At the table, through the comrades who are here, we want to pay tribute to all the comrades of the different layers of the MST. Some of those who are here were very young when we founded the MST. Celeste was 6 years old, Mariano I think was 9. Besides me, who was 28, I think the oldest was Sergio, who was 18 and started to be a militant right there, when we began to take the first steps. In the table that presides this act there is a little bit the synthesis of the leadership that we were building, which includes older and younger comrades. Because to build a party is to build a leadership. It is to build a work team that can face the different needs. So, I ask you to applaud the comrades who are here, because they are the vanguard of a team that has launched this project, has maintained it and will continue to do so.
The importance of the birth of the MST at a complex time
It was the time of the ’90s, when there was a lot of confusion in the ranks of the left due to a series of events that had taken place. Fundamentally, due to the crisis of “real socialism”, the fall of the Soviet Union. In Germany the capitalist part ended up absorbing the socialist part. It was the time of Thatcher, who defeated the miners in England and together with Reagan launched the capitalist globalization that became known worldwide as neoliberalism. At that time the MST was founded. The confusion that had opened up on the left due to the fact that “socialism” was falling, but since there was no alternative leadership to overcome Stalinism, capitalist restoration was the way out in each of those countries. It entered almost all the ranks of the left, and also entered the organization which preceded the MST, which was the old MAS in Argentina and the old international organization we had built, which was the International Workers League. Two extraordinary works of Nahuel Moreno, but which were affected by this wave of global skepticism.
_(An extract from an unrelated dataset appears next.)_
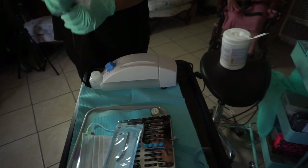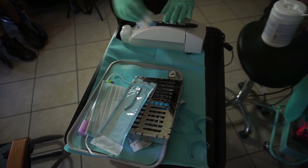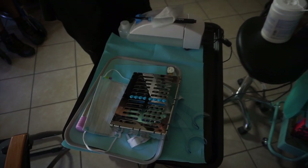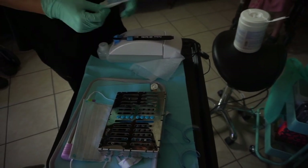So I've switched out patients, and I've wiped everything down once. I'm now wiping everything a second time, and opening up everything that's sterilized, new, and fresh, because we are switching patients.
And the truth is that there was a risk of the disappearance of the current that Moreno had formed or, at the most, that it would be transformed into small, very small, very sectarian groups. I believe that the foundation of the MST was a fundamental battle. If we had not fought it, we would not be here today. That is why I think it is very important for us to claim that fight we fought and to claim the foundation of the MST, not only for what we are today, but for the fact of having managed to give continuity to a current that fought for decades to take Trotskyism out of marginality, to take it to the working class.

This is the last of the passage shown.